TASK ITEM
How many lines in the entries below include the string "Pack"? Answer with the number only.

┌─ DATA FOR ANALYSIS

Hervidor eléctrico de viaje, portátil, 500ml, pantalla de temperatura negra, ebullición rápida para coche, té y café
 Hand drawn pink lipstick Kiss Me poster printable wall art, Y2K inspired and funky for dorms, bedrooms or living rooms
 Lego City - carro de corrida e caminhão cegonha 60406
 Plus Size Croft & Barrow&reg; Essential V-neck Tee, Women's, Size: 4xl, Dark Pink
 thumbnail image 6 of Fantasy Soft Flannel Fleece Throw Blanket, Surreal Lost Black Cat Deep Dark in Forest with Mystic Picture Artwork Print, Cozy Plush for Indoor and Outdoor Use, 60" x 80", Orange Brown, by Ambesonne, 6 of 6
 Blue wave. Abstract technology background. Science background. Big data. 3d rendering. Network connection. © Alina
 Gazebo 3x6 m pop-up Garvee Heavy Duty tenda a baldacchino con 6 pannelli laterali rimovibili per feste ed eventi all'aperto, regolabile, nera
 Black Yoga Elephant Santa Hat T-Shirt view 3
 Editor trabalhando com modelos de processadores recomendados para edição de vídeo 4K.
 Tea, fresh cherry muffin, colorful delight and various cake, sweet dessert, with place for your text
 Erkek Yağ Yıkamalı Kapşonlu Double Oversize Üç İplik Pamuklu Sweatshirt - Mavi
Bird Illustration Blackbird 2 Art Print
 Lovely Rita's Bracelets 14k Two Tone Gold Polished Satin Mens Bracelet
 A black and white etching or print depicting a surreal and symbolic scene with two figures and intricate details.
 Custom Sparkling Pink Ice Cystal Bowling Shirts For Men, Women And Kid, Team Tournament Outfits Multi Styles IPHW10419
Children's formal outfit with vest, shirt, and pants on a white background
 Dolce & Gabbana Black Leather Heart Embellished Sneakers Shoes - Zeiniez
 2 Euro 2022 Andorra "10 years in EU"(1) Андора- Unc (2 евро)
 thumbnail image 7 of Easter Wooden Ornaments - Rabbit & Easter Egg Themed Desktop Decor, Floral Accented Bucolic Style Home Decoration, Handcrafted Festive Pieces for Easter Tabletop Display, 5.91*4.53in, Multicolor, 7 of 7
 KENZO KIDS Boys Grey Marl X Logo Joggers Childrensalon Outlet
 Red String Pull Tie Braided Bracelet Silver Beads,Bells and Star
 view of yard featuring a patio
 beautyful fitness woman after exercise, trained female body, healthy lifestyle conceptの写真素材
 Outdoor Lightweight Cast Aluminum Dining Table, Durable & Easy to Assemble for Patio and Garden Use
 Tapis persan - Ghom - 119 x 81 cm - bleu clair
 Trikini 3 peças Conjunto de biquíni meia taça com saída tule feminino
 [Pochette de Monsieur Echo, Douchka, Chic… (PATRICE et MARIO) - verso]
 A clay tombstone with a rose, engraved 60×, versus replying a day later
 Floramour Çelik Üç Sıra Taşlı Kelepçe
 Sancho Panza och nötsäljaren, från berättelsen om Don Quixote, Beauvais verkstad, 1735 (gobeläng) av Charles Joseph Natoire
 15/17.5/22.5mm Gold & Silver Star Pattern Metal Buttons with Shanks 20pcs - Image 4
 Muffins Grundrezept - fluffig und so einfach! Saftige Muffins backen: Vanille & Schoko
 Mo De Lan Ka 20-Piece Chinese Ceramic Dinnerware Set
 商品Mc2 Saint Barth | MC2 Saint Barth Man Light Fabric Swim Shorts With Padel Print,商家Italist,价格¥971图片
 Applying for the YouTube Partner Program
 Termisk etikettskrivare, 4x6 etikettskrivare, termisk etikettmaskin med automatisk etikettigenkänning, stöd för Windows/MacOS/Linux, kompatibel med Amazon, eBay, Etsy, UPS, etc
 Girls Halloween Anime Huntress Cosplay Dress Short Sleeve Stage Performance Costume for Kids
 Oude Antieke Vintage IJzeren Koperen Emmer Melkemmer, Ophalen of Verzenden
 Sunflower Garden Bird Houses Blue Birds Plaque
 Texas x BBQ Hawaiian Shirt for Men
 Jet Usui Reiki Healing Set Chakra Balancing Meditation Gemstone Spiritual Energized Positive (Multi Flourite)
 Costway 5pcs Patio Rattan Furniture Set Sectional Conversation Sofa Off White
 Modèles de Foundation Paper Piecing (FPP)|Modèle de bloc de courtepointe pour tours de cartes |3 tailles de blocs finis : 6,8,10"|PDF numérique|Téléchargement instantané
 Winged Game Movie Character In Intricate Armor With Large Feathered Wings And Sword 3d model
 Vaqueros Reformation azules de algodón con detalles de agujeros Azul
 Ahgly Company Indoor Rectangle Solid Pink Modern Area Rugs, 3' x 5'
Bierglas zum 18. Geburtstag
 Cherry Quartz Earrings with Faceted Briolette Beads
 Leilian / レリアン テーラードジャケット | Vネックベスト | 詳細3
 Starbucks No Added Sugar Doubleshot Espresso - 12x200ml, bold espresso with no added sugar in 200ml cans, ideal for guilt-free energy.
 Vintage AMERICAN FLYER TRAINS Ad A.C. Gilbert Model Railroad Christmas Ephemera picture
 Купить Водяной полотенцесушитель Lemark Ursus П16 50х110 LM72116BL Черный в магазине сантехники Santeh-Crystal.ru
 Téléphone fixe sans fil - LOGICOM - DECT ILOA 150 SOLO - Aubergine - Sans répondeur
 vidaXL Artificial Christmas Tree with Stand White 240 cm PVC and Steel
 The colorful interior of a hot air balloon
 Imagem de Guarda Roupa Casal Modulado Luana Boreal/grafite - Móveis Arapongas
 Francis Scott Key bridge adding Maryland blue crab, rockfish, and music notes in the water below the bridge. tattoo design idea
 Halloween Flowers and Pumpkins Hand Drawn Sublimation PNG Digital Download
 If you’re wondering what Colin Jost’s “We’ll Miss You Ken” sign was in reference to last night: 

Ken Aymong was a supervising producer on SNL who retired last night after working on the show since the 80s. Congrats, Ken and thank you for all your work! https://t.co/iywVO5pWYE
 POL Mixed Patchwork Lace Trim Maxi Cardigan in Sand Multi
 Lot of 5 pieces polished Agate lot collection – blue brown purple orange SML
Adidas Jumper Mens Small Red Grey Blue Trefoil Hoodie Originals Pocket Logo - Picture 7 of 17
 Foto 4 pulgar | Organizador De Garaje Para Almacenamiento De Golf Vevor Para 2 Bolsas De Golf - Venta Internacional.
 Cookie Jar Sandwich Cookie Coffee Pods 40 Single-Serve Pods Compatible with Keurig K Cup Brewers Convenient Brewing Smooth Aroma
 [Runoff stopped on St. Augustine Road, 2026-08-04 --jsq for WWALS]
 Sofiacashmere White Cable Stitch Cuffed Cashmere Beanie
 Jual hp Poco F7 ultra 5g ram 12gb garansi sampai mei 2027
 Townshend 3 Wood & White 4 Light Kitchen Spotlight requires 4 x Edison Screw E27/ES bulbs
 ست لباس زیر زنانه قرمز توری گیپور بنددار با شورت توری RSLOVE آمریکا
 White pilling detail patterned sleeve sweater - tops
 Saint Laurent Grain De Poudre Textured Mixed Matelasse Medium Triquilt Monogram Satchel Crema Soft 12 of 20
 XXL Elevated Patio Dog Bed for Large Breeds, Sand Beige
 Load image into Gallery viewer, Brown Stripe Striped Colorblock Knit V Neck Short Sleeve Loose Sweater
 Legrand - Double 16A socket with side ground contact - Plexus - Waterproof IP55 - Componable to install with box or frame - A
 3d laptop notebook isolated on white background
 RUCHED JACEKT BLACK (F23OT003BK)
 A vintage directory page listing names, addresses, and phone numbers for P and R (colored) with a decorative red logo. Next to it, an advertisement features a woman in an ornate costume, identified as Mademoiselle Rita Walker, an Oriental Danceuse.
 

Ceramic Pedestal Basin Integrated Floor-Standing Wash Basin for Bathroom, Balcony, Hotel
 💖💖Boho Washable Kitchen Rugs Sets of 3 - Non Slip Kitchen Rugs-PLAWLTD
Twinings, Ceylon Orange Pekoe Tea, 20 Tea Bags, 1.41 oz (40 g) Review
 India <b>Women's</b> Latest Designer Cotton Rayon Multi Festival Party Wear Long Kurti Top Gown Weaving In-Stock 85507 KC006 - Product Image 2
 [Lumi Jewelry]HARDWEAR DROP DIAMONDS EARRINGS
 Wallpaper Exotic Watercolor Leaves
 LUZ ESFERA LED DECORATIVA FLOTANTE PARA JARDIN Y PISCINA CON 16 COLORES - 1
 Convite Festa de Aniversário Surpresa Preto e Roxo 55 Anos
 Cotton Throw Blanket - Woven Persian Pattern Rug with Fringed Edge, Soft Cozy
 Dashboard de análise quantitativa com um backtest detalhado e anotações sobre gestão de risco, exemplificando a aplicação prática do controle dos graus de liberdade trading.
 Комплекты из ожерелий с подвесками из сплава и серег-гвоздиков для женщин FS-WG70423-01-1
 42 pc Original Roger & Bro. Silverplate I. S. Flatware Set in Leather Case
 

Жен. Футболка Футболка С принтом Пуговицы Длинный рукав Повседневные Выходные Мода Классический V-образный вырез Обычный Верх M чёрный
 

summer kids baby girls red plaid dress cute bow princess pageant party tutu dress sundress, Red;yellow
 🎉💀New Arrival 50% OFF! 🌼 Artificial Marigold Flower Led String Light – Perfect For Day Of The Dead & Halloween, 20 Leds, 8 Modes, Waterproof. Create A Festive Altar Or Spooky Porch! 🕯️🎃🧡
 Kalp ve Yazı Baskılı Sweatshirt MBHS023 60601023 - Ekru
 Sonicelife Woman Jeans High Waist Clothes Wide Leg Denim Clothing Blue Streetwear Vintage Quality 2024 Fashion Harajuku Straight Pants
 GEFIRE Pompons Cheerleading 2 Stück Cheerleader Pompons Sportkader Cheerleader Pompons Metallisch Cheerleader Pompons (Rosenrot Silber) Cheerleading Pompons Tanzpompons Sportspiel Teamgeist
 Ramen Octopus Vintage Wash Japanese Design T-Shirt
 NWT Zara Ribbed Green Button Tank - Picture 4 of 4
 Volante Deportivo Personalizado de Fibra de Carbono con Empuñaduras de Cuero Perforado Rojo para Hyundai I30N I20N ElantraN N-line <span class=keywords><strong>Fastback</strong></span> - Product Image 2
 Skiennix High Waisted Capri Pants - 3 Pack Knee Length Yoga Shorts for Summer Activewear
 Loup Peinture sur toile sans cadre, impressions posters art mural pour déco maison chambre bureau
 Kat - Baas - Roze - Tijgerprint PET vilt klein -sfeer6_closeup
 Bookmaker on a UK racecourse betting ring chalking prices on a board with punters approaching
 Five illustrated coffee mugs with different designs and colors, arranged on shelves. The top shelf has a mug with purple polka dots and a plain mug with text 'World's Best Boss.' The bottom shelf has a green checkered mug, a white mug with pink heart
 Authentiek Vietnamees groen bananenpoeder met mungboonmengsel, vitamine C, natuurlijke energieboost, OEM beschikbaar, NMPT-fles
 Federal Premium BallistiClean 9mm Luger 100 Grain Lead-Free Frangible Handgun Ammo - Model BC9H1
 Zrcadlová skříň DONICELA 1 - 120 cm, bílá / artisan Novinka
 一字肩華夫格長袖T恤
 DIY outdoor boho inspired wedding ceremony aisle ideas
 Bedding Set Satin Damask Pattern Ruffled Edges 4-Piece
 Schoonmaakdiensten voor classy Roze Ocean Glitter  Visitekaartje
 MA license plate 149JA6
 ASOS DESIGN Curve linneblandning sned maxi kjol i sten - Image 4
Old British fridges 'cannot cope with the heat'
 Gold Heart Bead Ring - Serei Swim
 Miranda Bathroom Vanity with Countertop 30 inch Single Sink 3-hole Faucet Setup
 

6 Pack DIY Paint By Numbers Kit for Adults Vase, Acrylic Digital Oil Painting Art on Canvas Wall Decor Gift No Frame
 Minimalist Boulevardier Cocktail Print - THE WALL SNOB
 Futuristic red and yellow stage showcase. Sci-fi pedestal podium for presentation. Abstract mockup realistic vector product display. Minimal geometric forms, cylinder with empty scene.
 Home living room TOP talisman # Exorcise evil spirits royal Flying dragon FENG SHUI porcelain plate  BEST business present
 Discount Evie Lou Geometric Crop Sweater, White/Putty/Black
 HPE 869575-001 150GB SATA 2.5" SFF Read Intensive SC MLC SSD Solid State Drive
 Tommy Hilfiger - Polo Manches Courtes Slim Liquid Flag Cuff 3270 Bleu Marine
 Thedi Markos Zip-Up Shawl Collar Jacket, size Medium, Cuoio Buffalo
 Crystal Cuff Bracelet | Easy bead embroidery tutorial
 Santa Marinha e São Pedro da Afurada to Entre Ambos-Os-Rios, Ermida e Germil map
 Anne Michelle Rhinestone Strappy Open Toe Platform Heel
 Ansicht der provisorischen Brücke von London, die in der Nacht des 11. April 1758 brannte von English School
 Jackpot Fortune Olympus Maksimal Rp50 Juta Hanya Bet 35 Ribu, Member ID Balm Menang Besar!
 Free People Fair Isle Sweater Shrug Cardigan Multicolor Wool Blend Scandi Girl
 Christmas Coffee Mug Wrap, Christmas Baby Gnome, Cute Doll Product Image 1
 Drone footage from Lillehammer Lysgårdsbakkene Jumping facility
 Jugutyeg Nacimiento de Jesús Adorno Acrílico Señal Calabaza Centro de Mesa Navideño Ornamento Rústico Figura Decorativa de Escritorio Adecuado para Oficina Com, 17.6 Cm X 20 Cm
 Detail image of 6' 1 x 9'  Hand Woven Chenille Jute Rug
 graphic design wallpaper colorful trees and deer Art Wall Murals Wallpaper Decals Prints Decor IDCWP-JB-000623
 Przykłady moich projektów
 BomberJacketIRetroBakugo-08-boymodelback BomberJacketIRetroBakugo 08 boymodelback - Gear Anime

└─

EXERCISE ANSWER
2